Department of Medical Microbiology and Immunology, University of Wisconsin-Madison, Madison, Wisconsin, USA.
Microbiology Doctoral Training Program, University of Wisconsin-Madison, Madison, Wisconsin, USA.
mBio. 2023 Apr 25;14(2):e0007323. doi: 10.1128/mbio.00073-23. Epub 2023 Mar 20.
The cytosol of eukaryotic host cells is an intrinsically hostile environment for bacteria. Understanding how cytosolic pathogens adapt to and survive in the cytosol is critical to developing novel therapeutic interventions against these pathogens. The cytosolic pathogen Listeria monocytogenes requires (previously known as ), a gene of unknown function, for resistance to cell-wall stress, cytosolic survival, inflammasome avoidance, and, ultimately, virulence . In this study, a genetic suppressor screen revealed that blocking utilization of UDP -acetylglucosamine (UDP-GlcNAc) by a nonessential wall teichoic acid decoration pathway restored resistance to lysozyme and partially restored virulence of Δ mutants. In parallel, metabolomic analysis revealed that Δ mutants are impaired in the production of UDP-GlcNAc, an essential peptidoglycan and wall teichoic acid (WTA) precursor. We next demonstrated that purified GlmR can directly catalyze the synthesis of UDP-GlcNAc from GlcNAc-1P and UTP, suggesting that it is an accessory uridyltransferase. Biochemical analysis of GlmR orthologues suggests that uridyltransferase activity is conserved. Finally, mutational analysis resulting in a GlmR mutant with impaired catalytic activity demonstrated that uridyltransferase activity was essential to facilitate cell-wall stress responses and virulence . Taken together, these studies indicate that GlmR is an evolutionary conserved accessory uridyltransferase required for cytosolic survival and virulence of L. monocytogenes. Bacterial pathogens must adapt to their host environment in order to cause disease. The cytosolic bacterial pathogen Listeria monocytogenes requires a highly conserved protein of unknown function, GlmR (previously known as YvcK), to survive in the host cytosol. GlmR is important for resistance to some cell-wall stresses and is essential for virulence. The Δ mutant is deficient in production of an essential cell-wall metabolite, UDP-GlcNAc, and suppressors that increase metabolite levels also restore virulence. Purified GlmR can directly catalyze the synthesis of UDP-GlcNAc, and this enzymatic activity is conserved in both Bacillus subtilis and Staphylococcus aureus. These results highlight the importance of accessory cell wall metabolism enzymes in responding to cell-wall stress in a variety of Gram-positive bacteria.

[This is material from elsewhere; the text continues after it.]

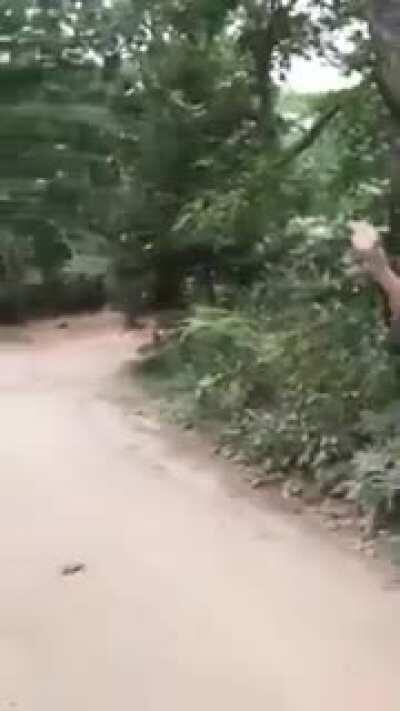 Veeeio estupido, Mother Fucker!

真核宿主细胞的细胞质是细菌内在的恶劣环境。了解细胞质病原体如何适应和在细胞质中存活对于开发针对这些病原体的新型治疗干预措施至关重要。细胞质病原体李斯特菌需要 (以前称为 ),一个功能未知的基因,以抵抗细胞壁应激、细胞质存活、炎症小体回避,最终是毒力 。在这项研究中,遗传抑制筛选揭示了阻断非必需细胞壁磷壁酸修饰途径对 UDP-乙酰葡萄糖胺 (UDP-GlcNAc) 的利用可恢复溶菌酶的抗性,并部分恢复 Δ 突变体的毒力。同时,代谢组学分析表明,Δ 突变体在 UDP-GlcNAc 的产生中受损,UDP-GlcNAc 是肽聚糖和壁磷壁酸 (WTA) 的必需前体。我们接下来证明,纯化的 GlmR 可以直接催化 GlcNAc-1P 和 UTP 合成 UDP-GlcNAc,表明它是一种辅助尿苷转移酶。GlmR 同源物的生化分析表明,尿苷转移酶活性是保守的。最后,导致催化活性受损的 GlmR 突变体的突变分析表明,尿苷转移酶活性对于促进细胞壁应激反应和毒力至关重要 。总之,这些研究表明 GlmR 是一种进化保守的辅助尿苷转移酶,是李斯特菌细胞质存活和毒力所必需的。 细菌病原体必须适应其宿主环境才能引起疾病。细胞质细菌病原体李斯特菌需要一种高度保守的未知功能蛋白,GlmR(以前称为 YvcK),才能在宿主细胞质中存活。GlmR 对抵抗某些细胞壁应激很重要,对毒力也很重要。Δ 突变体缺乏一种必需细胞壁代谢物 UDP-GlcNAc 的产生,增加代谢物水平的抑制剂也恢复了毒力。纯化的 GlmR 可以直接催化 UDP-GlcNAc 的合成,这种酶活性在枯草芽孢杆菌和金黄色葡萄球菌中都有保守。这些结果强调了辅助细胞壁代谢酶在应对各种革兰氏阳性菌细胞壁应激中的重要性。